TASK INSTRUCTIONS>
Could you give back exactly the lines below from the one with "Las maravillosas ventanas" through the one with "KEF - Q Series", without a single picture?

== PROVIDED RECORDS ==

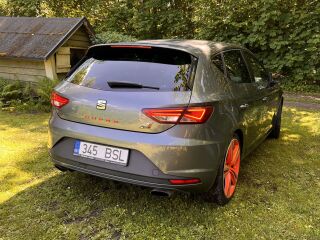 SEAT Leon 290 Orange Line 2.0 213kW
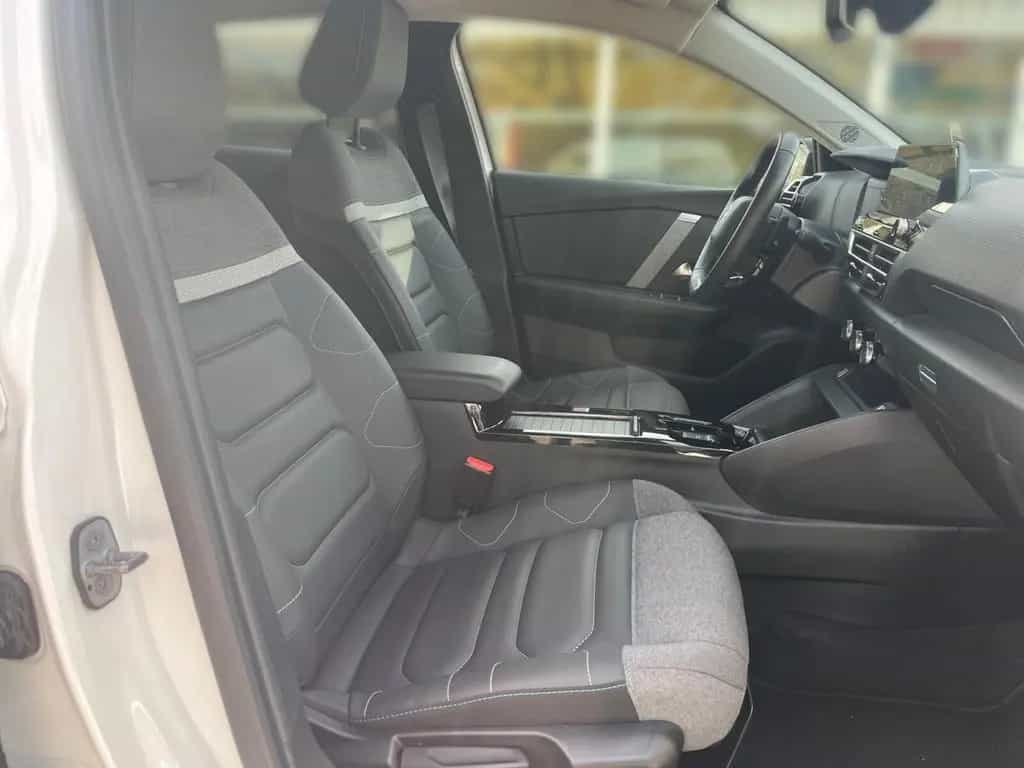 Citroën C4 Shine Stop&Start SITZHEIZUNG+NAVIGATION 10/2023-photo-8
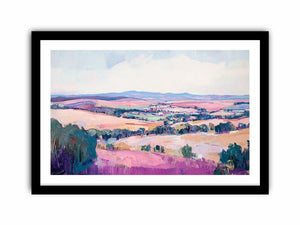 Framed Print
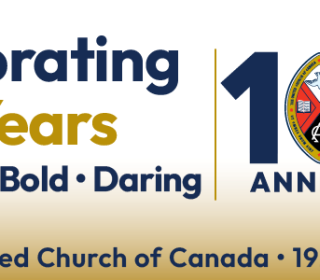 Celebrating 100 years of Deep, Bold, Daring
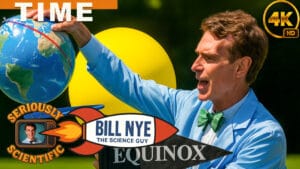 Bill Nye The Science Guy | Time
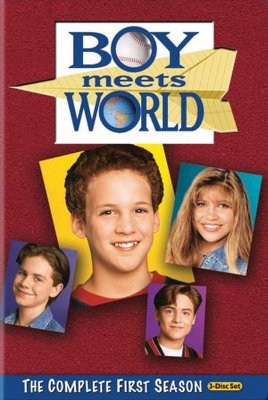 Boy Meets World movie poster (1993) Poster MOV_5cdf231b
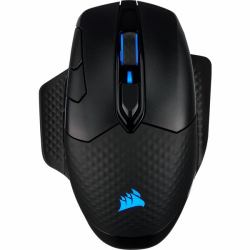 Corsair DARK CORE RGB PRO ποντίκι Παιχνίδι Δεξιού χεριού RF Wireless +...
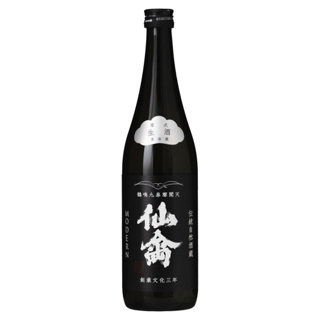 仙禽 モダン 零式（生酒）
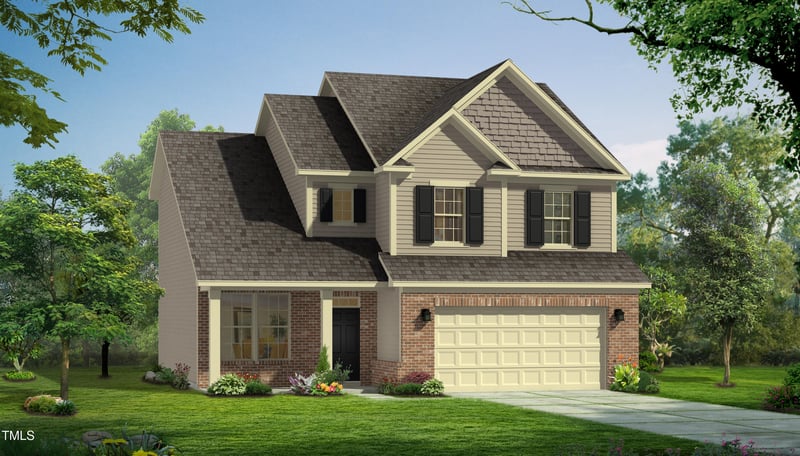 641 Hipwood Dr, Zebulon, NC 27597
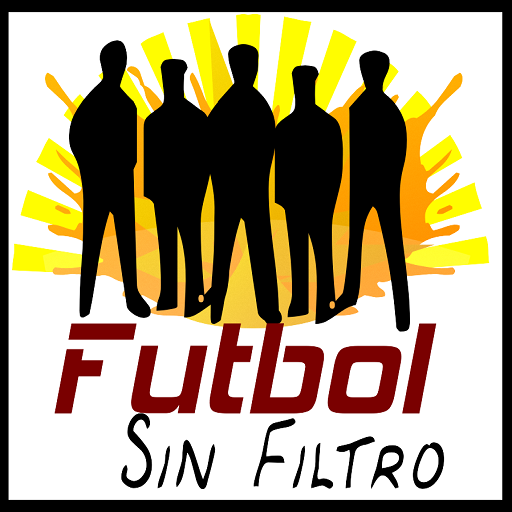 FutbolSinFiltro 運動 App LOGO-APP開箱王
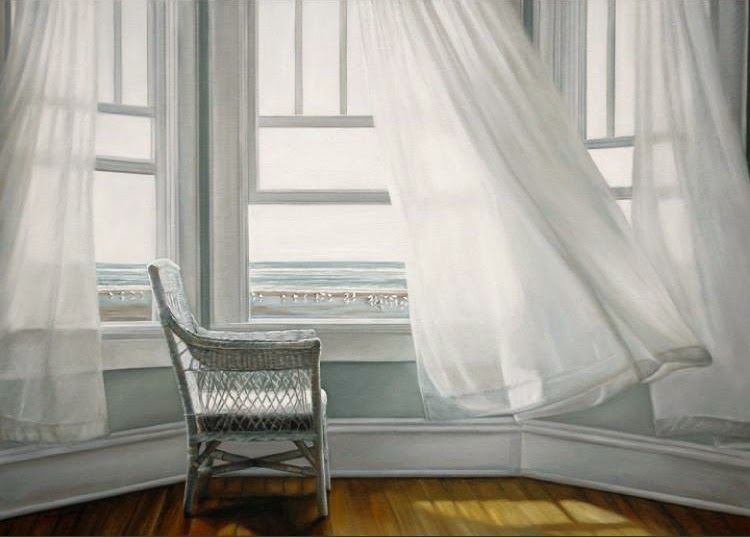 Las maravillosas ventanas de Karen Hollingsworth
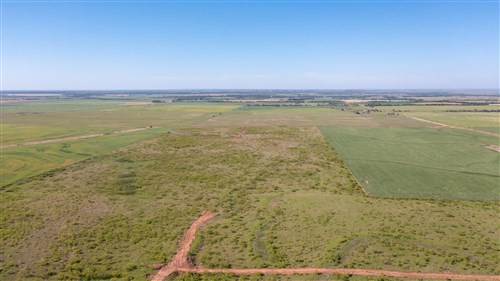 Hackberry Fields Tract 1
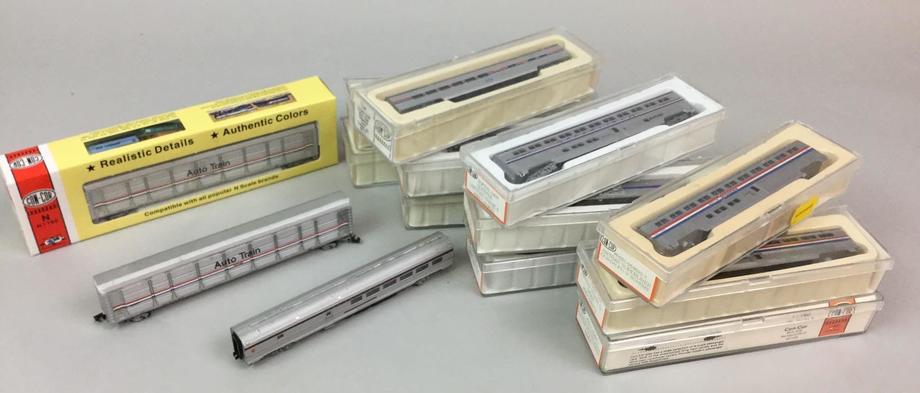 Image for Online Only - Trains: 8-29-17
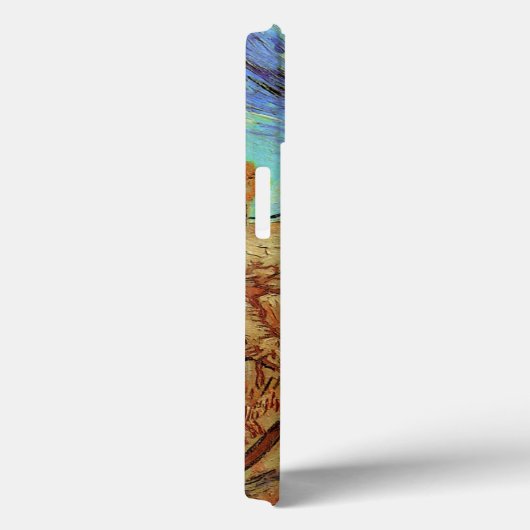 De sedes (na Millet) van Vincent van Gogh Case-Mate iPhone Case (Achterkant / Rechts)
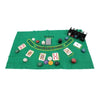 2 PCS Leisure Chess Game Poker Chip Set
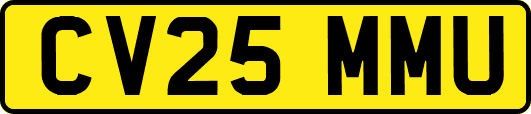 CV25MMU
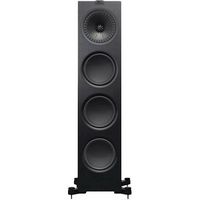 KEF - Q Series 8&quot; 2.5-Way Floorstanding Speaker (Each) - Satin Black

===
== PROVIDED RECORDS ==

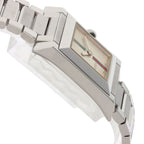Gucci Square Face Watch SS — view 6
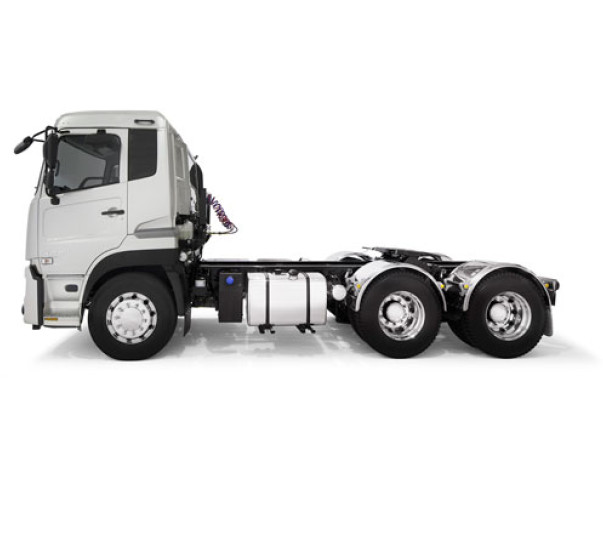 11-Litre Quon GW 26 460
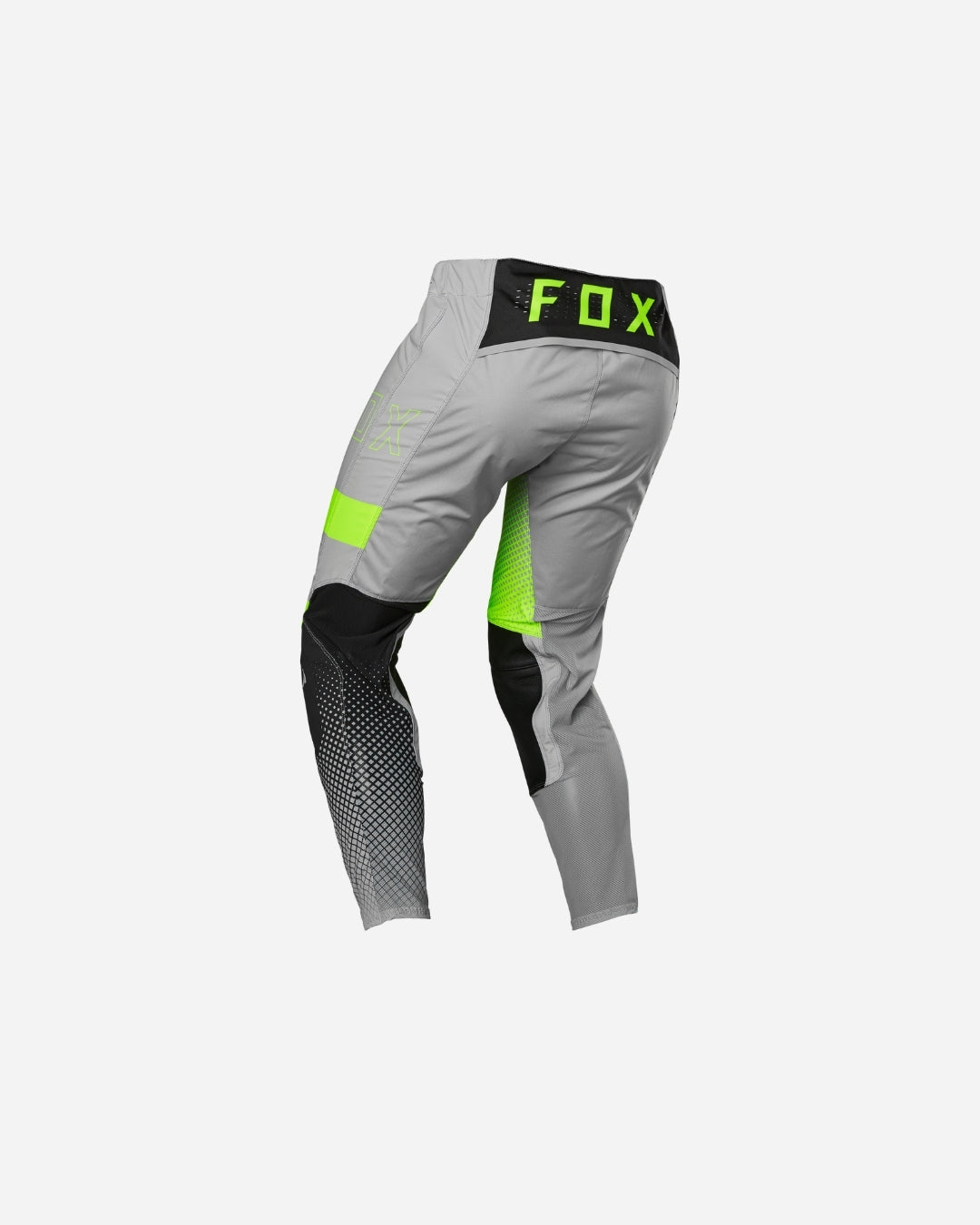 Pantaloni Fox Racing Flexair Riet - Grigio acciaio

===
== PROVIDED RECORDS ==

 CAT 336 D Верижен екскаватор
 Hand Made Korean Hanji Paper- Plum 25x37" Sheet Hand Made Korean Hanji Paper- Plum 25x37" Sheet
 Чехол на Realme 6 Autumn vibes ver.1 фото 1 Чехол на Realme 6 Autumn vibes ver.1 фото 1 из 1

===

EXERCISE RESPONSE>
 Las maravillosas ventanas de Karen Hollingsworth
 Hackberry Fields Tract 1
 Image for Online Only - Trains: 8-29-17
 De sedes (na Millet) van Vincent van Gogh Case-Mate iPhone Case (Achterkant / Rechts)
 2 PCS Leisure Chess Game Poker Chip Set
 CV25MMU
 KEF - Q Series 8&quot; 2.5-Way Floorstanding Speaker (Each) - Satin Black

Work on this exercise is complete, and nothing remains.